Men wrestle with what they mean on a grand scale. Women aren’t afforded that luxury. And now we have jumped right down the slimy throat of sexism.

She stops, shifts, then looks at me and says, “I don’t…I don’t know, I guess…I feel like things ended too soon. That there was still so much more surfing left, so much more to accomplish. It just kind of ended but it didn’t need to. Some of my best surfing has only just happened. I mean, Kelly’s 40…whatever only a couple years younger than me and he’s not getting any worse. He’s surfing way more and much better waves than I am…and I still feel like I’m not getting worse.”

When she says the last sentence her voice sounds like its pleading, like it’s supplicating. Not me. What do I have to give? But God. It is at the same time inspirational and heartbreaking.

I had wanted to learn what keeps an icon inspired but in this very moment realize what an entirely chauvinistic concept this even is.

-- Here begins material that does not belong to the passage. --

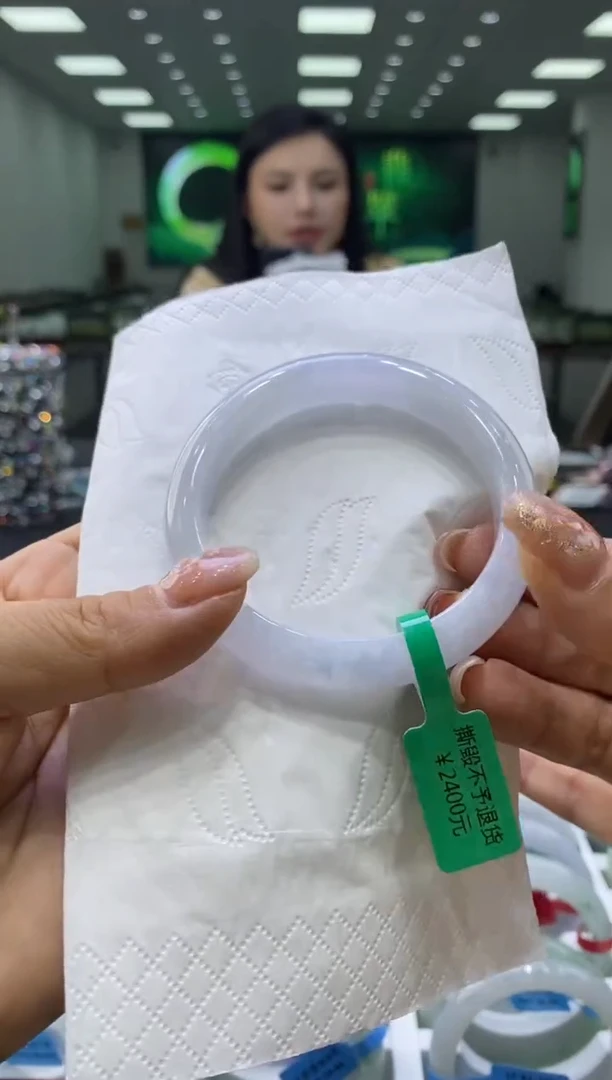 未镶嵌手镯翡翠00005096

Men can wrestle with what they mean on a grand scale. Women aren’t afforded that luxury. Lisa is not afforded that luxury. And now we have jumped right down the slimy throat of sexism.

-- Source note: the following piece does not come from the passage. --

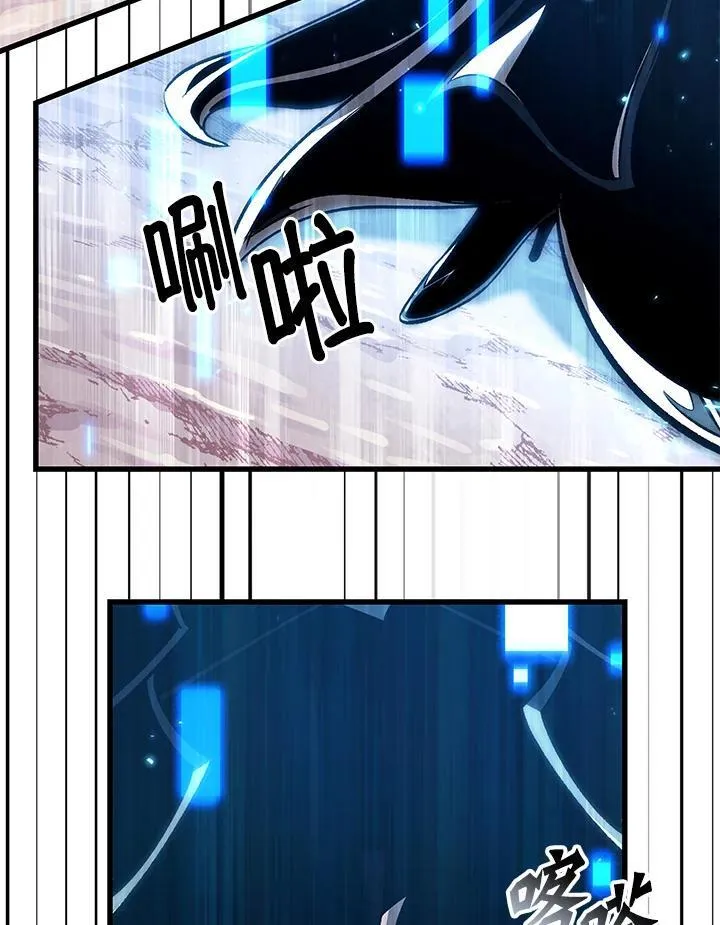 第36话 第47页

Surfing is sexist, undeniably, but what does a man know about it? What do I know about it? I have never been on the blunt end of discrim-ination. Anything I write will, therefore, ring hollow and I will be a son of a bitch. Women know about sexism. They know it all too well but if a woman, if Lisa, starts to define her experience through a prism of sex she will be written off as a bitch.

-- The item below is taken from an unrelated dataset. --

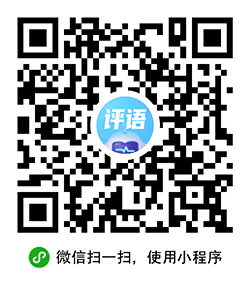 智能评语王小程序二维码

And this is a hard reality. She continues to dry her tears, continues to laugh and blame her mother for the uncontrollable water works. I take a sip of my hair of the dog and the mezcal feels like smoke. And the son of a bitch sits across a sea of half eaten disgusting meats from the bitch, stuck. I can’t write about it. She can’t talk about it.

Photo by Jeff Divine. 

And here is also a difficult truth. Surfing is essentially feminine. It is a dance upon the water. It is ballet. And Lisa Andersen is the very definition of feminine. Magnificently so. It is why I had to cross the Quiksilver Pro VIP tent early in the morning just to stand next to her. It is why I can’t turn away when she paddles out.

Lisa Andersen surfs with grace, with beauty, but peppered in bits of Tom Curren and Martin Potter along the way and so surfs in a cloud of perfumed rage. Her movement, rhythm, dance is perfect and even more perfect now then it was a decade ago, two decades ago when Surfer magazine put her on the cover with the words “Lisa Andersen Surfs Better Than You.” She did and she does.

So why then? Why are we so impossibly sexist? Why can’t we both recognize and properly glorify our brightest lights?

Why?

And while we’re all thinking about this, thinking about our hard hearts and crusty ways, maybe Lisa should just run away again. The thought of being out of the water, in juvenile hall, for two years launched a 16-year-old girl westward and into a life bigger than most dreams. She needs to surf and the surf needs her. Maybe she should bring some nice things down to Salina Cruz and disappear.

Or maybe not. Maybe she needs to wrestle against this sexist madness for a minute longer. Maybe she needs to cry and kick and scream and finally explode. It was Nietzsche, after all, who said, “One must still have chaos in oneself to be able to give birth to a dancing star.”